It’s Canning Season! Dilly Beans!

I’m not a canning expert. That needed to be disclosed first. I’m always afraid I’m going to accidentally can something with a high pH balance and kill all of my friends and family with botulism. Still, I do my best. It’s actually one of my favorite hobbies (canning, not killing people). And it’s finally canning season again!

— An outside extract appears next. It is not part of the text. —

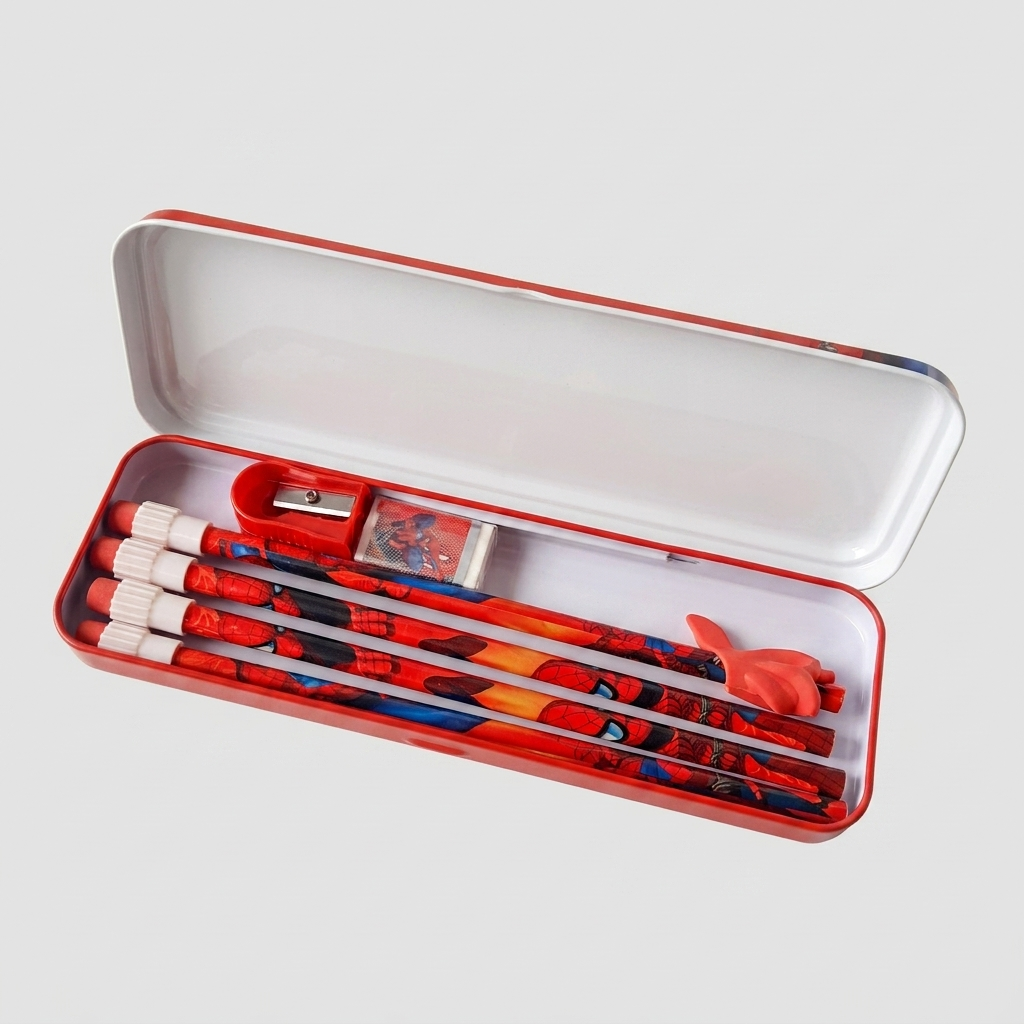 Spider-Man Kids Stationery Set with Metal Pencil Box – School Essentials Kit for Students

When it comes to pickles – use what’s in season, since it will cost the least and yield the best results. I was at my favorite grocery store this week. Widest variety, cheapest produce of all time. Even though it’s a bit early for them, they had these gorgeous green beans for $.69/pound. K. I bought two pounds, knowing exactly where all of them would end up. As dilly beans in my summer weekend bloodies.

Is there any reason to drink a Bloody Mary if it’s not packed with pickles, questionable beef sticks, cheese cubes, maybe even a tiny hamburger? No. And in my opinion, dilly beans should be a necessity in every bloody.

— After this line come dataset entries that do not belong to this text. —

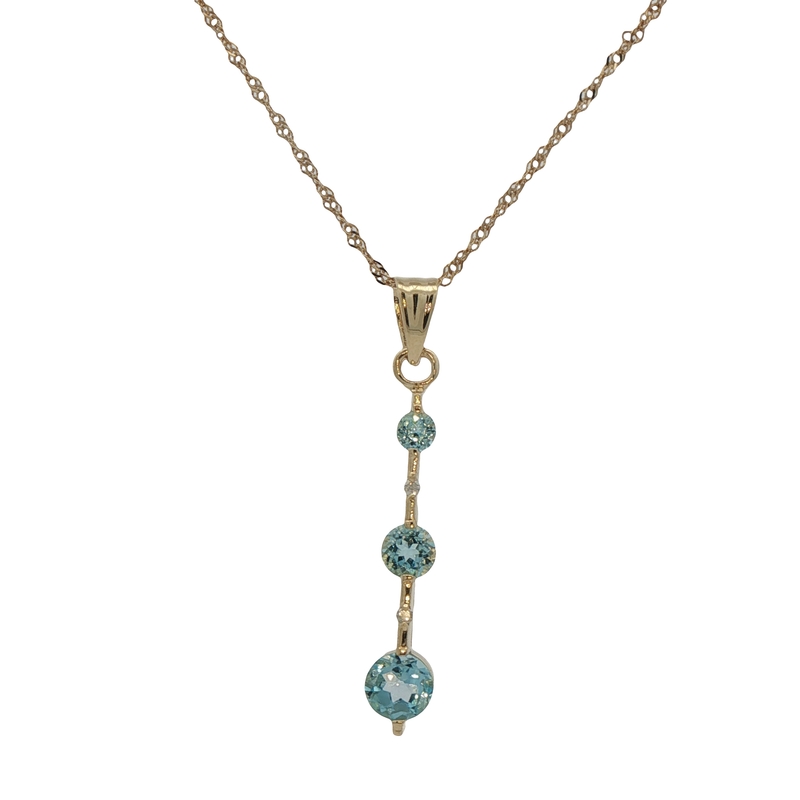 14k Yellow Gold Blue Topaz And Diamond Necklace
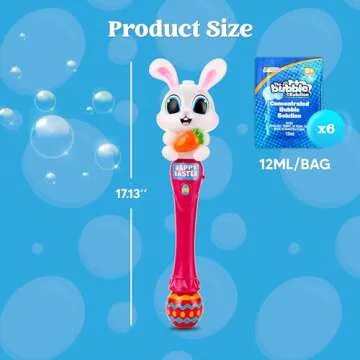 Sloosh Easter Bunny Bubble Wand for Kids Ages3+, Light Up Automatic Bubble Maker with LED & Sound Effect for Toddler, Birthday Party Gifts, Outdoor, Easter Basket Stuffers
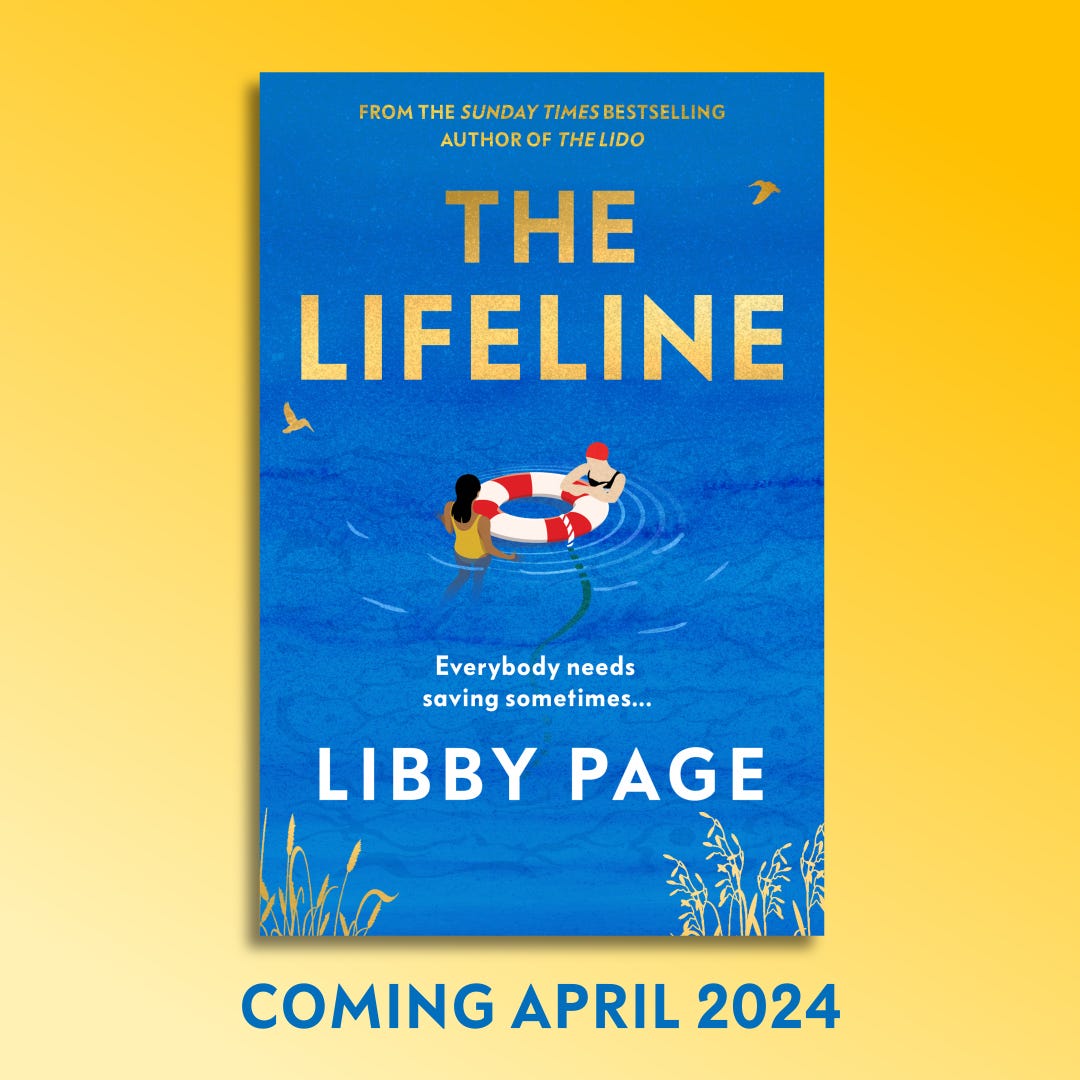 An image of the cover for The Lifeline by Libby Page. It is a deep blue with two women in the middle holding onto a lifering. There are reeds and ripples in the water and two kingfishers flying.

Before we get started, you really do need a water bath canner plus canning kit for this. This is the one I have. Nothing fancy, $32, but it’s a great investment. I suppose with small batches (1-3 pints or so), you could use a large pot and put a steaming basket in there, as long as it allows your cans to sit upright. Honestly, that is way more trouble than it’s worth. canningbook

This is the fantastic book from Liana Krissoff that I based the Dilly Beans recipe from. If you have any interest in canning, and you’re terrified of things like pectin powder and citric acid like I am, get this book.

These dilly beans, as previously stated, pair well with a packed-to-the-brim bloody. They also pair well with grilled cheese and a sense of accomplishment.

Dilly Beans!

Makes 4-5 pints

What you need:

-2 lbs crisp green beans
-4 cups cider vinegar (5% acidity)
-4 cups water
-3 tbsp pure kosher salt
-4-5 sprigs fresh dill
-4-5 cloves garlic, crushed
-8-10 dried hot red chiles
-4-5 tsp crushed red pepper flakes

What you do:

1.  Prepare your water-bath canner and jars. To sterilize the jars, just put them (without lids/rings) in the canner, submerged so they are at least 1-inch underneath the water. Boil for about 10 minutes. Reduce the heat and keep the jars submerged so they are kept warm (this will prevent them from cracking as we pour the hot vinegar/water mixture into them later). Put the flat lids in a heat proof bowl.

2. Trim the ends of your green beans, and make sure they are no longer than 4-4.5 inches long. Portion out your dill, garlic, hot chiles and red pepper flakes so they are evenly distributed and ready to be added quickly to your jars. Set aside.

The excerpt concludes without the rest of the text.